## Task objective
Repeat only what runs from the line with "2008 Toyota Sequoia" through the last line of the data below, both included, keeping every word as it is and leaving out the pictures.

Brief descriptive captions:
.....
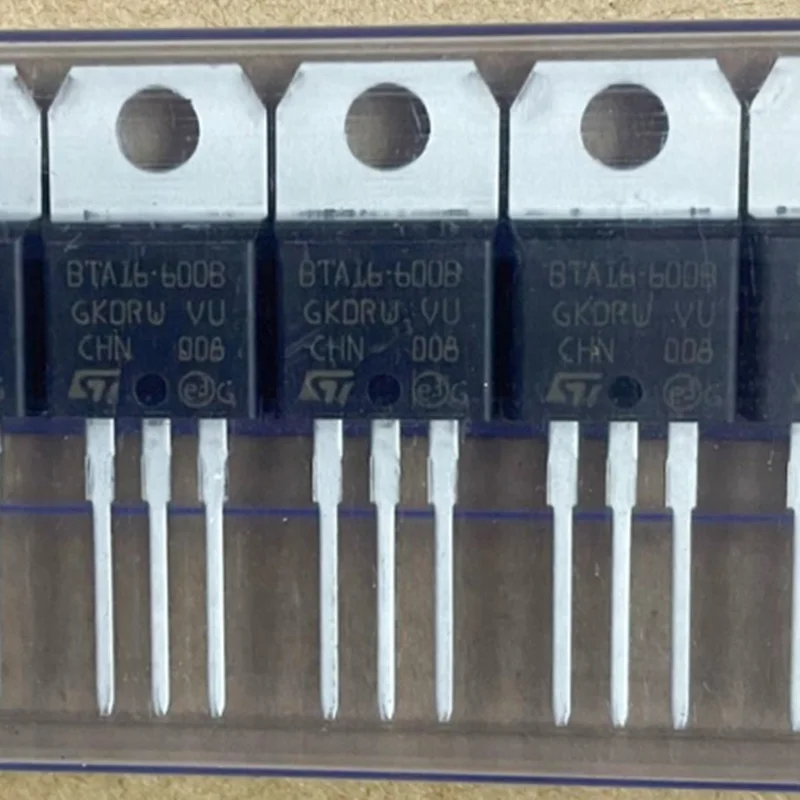 

10Pcs/Lot BTA12-600B BTA16-600B BTA24-600B NEW Original Genuine Bidirectional Thyristor Transistor TO-220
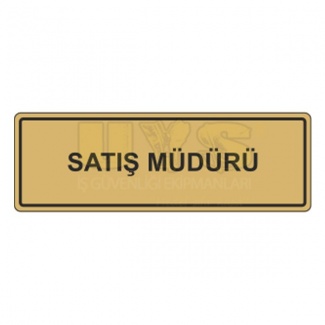 Satış Müdürü Levhası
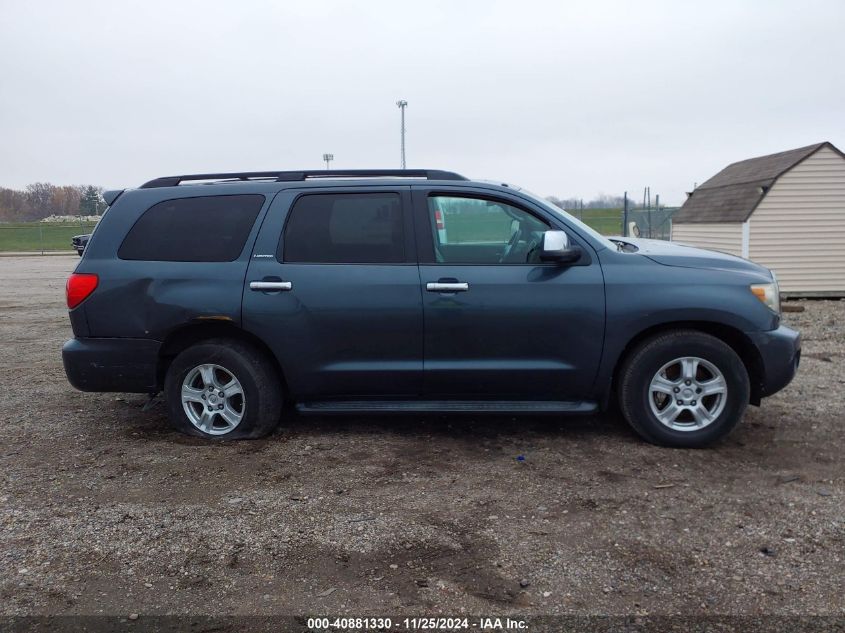 2008 Toyota Sequoia Limited 5.7L V8 VIN: 5TDBY68A08S011431 Lot: 40881330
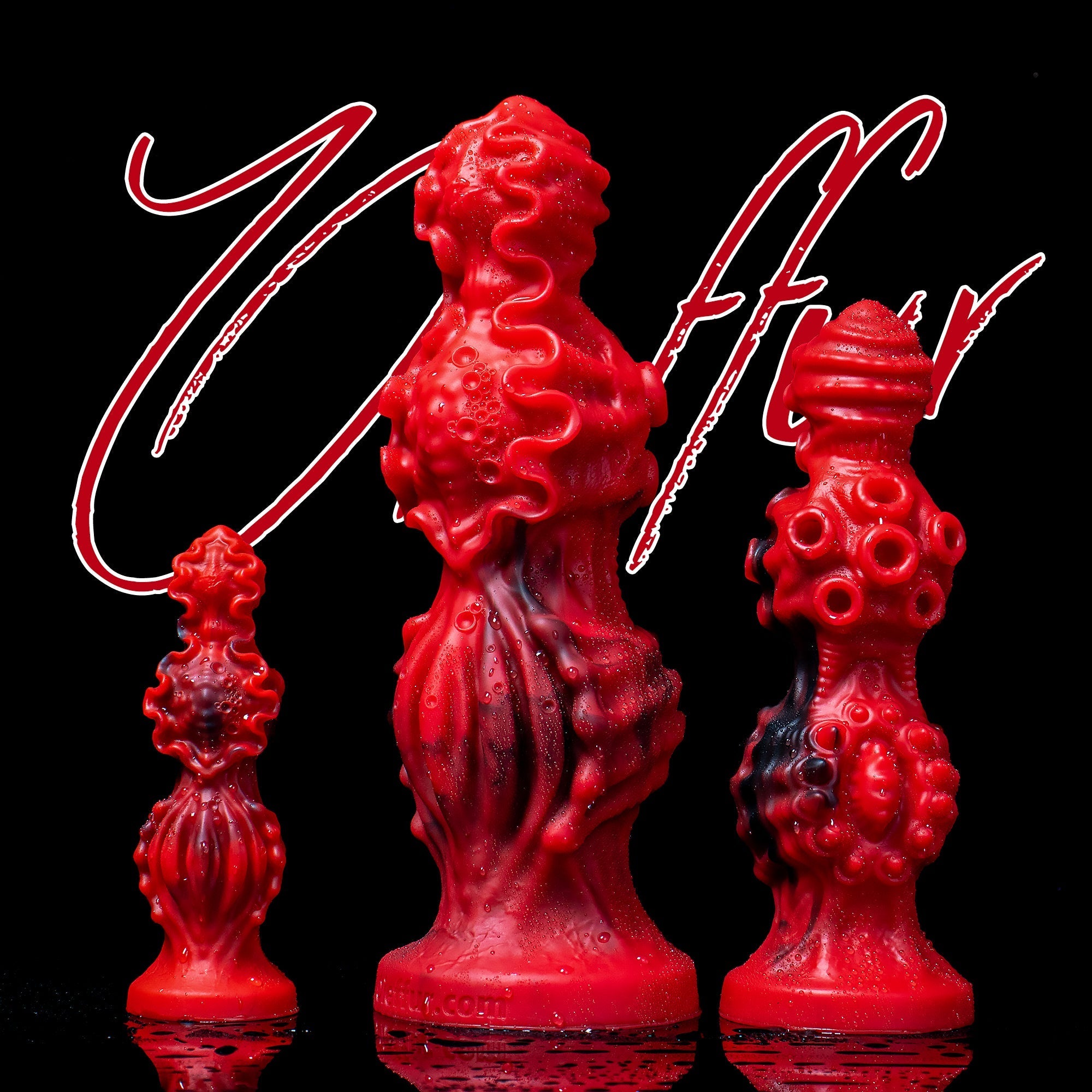 Abyssal Depths Beaded Dildo - Medical Grade Silicone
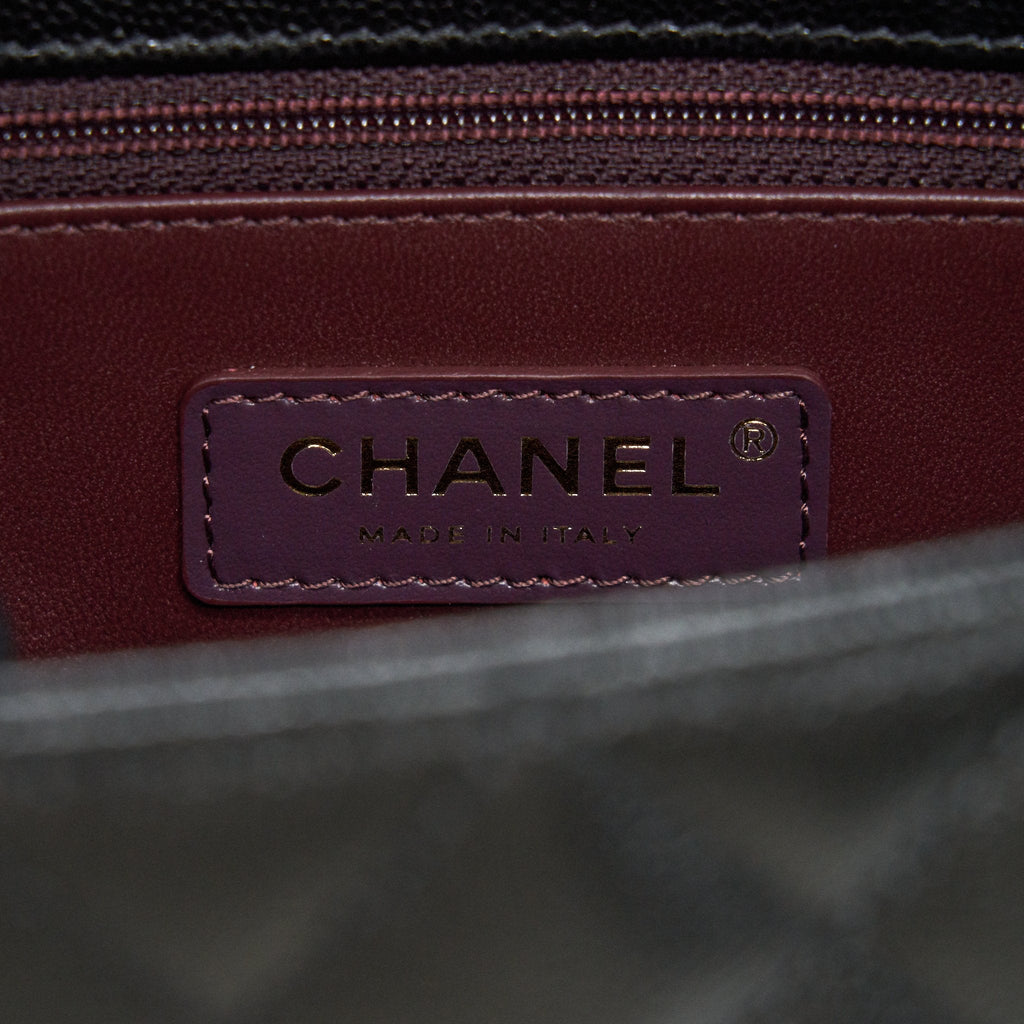 Chanel Small Coco Handle 24cm Caviar Black  ( Microchip)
.....
## Response to the task
 2008 Toyota Sequoia Limited 5.7L V8 VIN: 5TDBY68A08S011431 Lot: 40881330
 Abyssal Depths Beaded Dildo - Medical Grade Silicone
 Chanel Small Coco Handle 24cm Caviar Black  ( Microchip)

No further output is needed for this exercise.